She started crying and I sat with her and cradled her in my arms.
“I’m losing her, David, she’s like a zombie,” she said, “I think that’s the drugs they’ve got her on. She just says yes to whatever she’s told to do. I don’t know what to do, I’m at the end of my tether. If I lose her, I lose everything.”
I let out a long breath.
“Can’t you just sign her out of the hospital and take care of her at home?” I asked.

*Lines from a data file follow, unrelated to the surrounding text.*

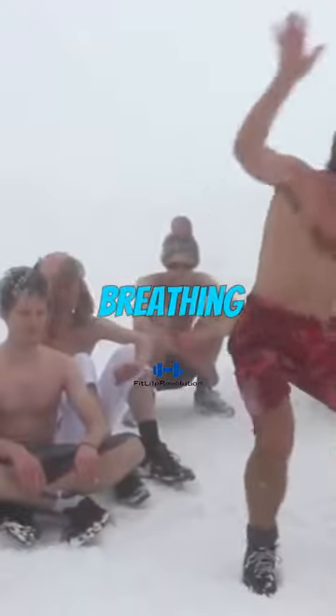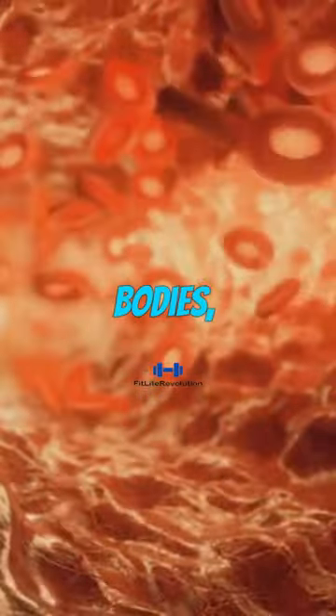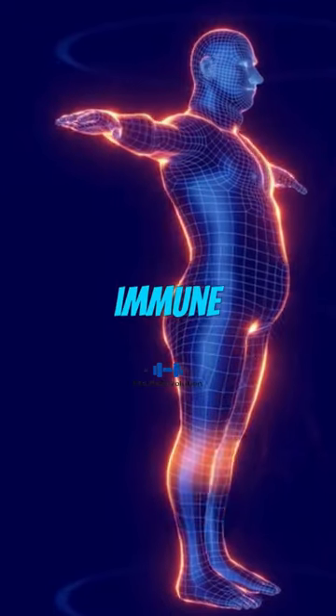By practicing deep, controlled breathing exercises, individuals can increase oxygen levels in their bodies, improve circulation, reduce stress, and boost their immune system.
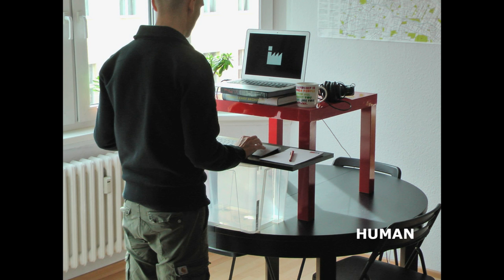But what is it like to work at a standing desk? What is it like to spend a lot of time at the standing desk? To show you, I have compressed a morning of working at my standing desk into a one-minute time-lapse video, and I'd like to play it for you now.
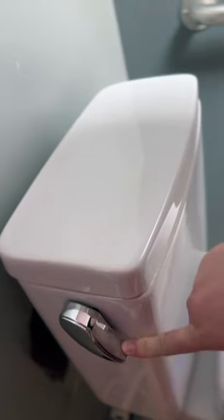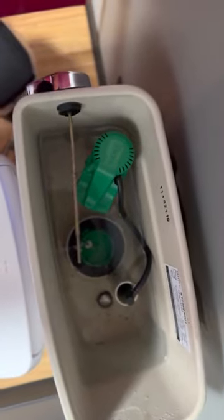Now it's time to handle your business. This is your water supply line that supplies your toilet with that H2O. The water supply line then connects to your fill valve that supplies your toilet with water.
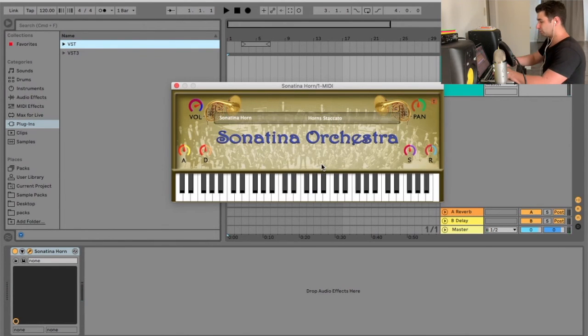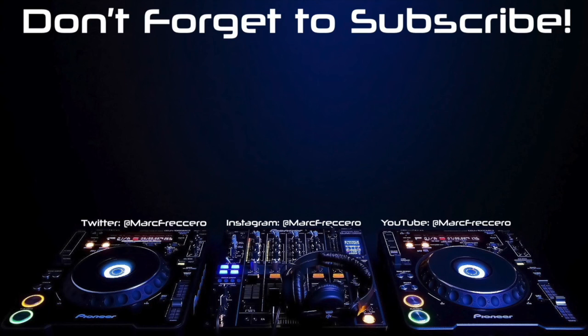And then lastly, the horn staccato. This one isn't too bad — if I wanted to use something for a track, I could work with something like that. That's awesome.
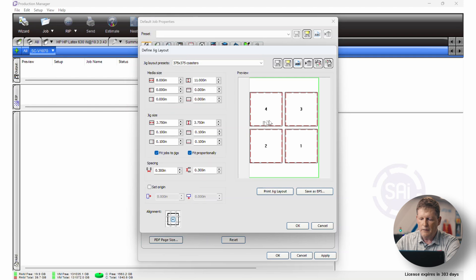That translucent material we can then set on the bed and it'll actually have an outline for where to place things. In this case I have coasters, so if you don't want to get a jig made because the coasters are pretty heavy and you just need to know the placement, you can print this out, place it on the bed, and then place your coasters. The other option is we can go to Save as EPS, give that EPS file to a jig manufacturer, and they can create the jig based on the dimensions you see here.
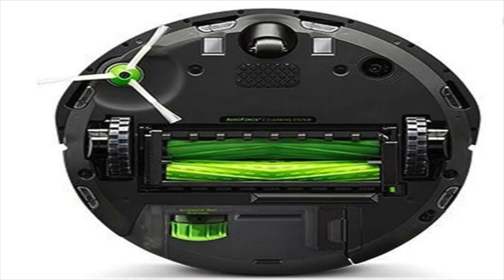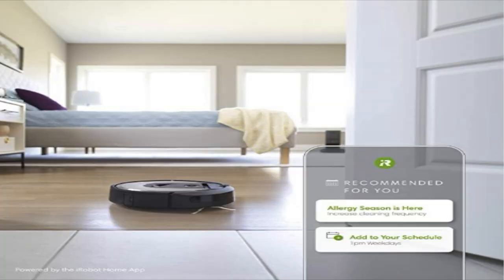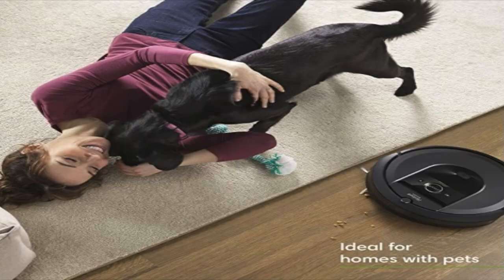When the i7 Plus came out, the i7 is the robot and the Plus is the actual base. I bought this for $999, but you can get one today for around $599 — it's the 7550. It's a really cool robot. It's an automatic dirt disposal robot that cleans, returns to the base when it needs charging, empties itself, and continues right where it left off. You don't have to empty the dirt receptor for about a month, which is really good.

“No,” she replied, “she’s detained for treatment under the Mental Health Act. Effectively they’ve got her in prison, but she hasn’t broken any laws.”
I sat silent for a few minutes.
“I think I may have an idea, but I need to make a phone call when I get home,” I said.
“You can make it from here if you want,” she said.
“I can’t, the number is at home,” I replied, “I met a girl in London.”
“Why does that not surprise me?” she asked.
“No, not like that,” I said, “she was a fan. Charlie Alison and I went to her birthday party. Her Mum’s a psychologist who specialises in therapy for young abuse and rape victims. She said if ever there was any way that her husband or she could help me, I was to call.”
“Would you?” she asked, “how much would she charge?”
“I don’t know, I’d have to find out.”
“David,” she said, looking at me seriously, “you are not going to pay for this.”
It was a warning not a statement.
“Okay,” I said, “I agree. But, with a proviso.”
“What’s that?” she asked.
“That if you can’t afford it, you’ll let me lend you the money, then you can pay me back over time,” I said.
She thought for a moment.
“I can live with that,” she said.
“Right then, I’ll get back home and make that call,” I said standing up to leave.
“David,” she said, stopping me, “one last thing.”
“What is it?” I asked.
“If you were thinking what you could get me for Christmas, you just gave me probably the second best gift you could.”
“What would you really like?” I asked, pretty sure I knew the answer already.
“My daughter back, and healthy.”
“I’m not sure I can manage that,” I said, “but I’ll try my best.”
I walked back home and went up to my bedroom to get the cards I had been given the day before.
I pulled my phone out of my pocket and dialled the number on Sarah Green’s card. It was answered on the third ring.
“Doctor Green’s secretary,” a plummy voice announced, “how may I help you.”
“Would it be possible to speak to Doctor Green please?” I asked.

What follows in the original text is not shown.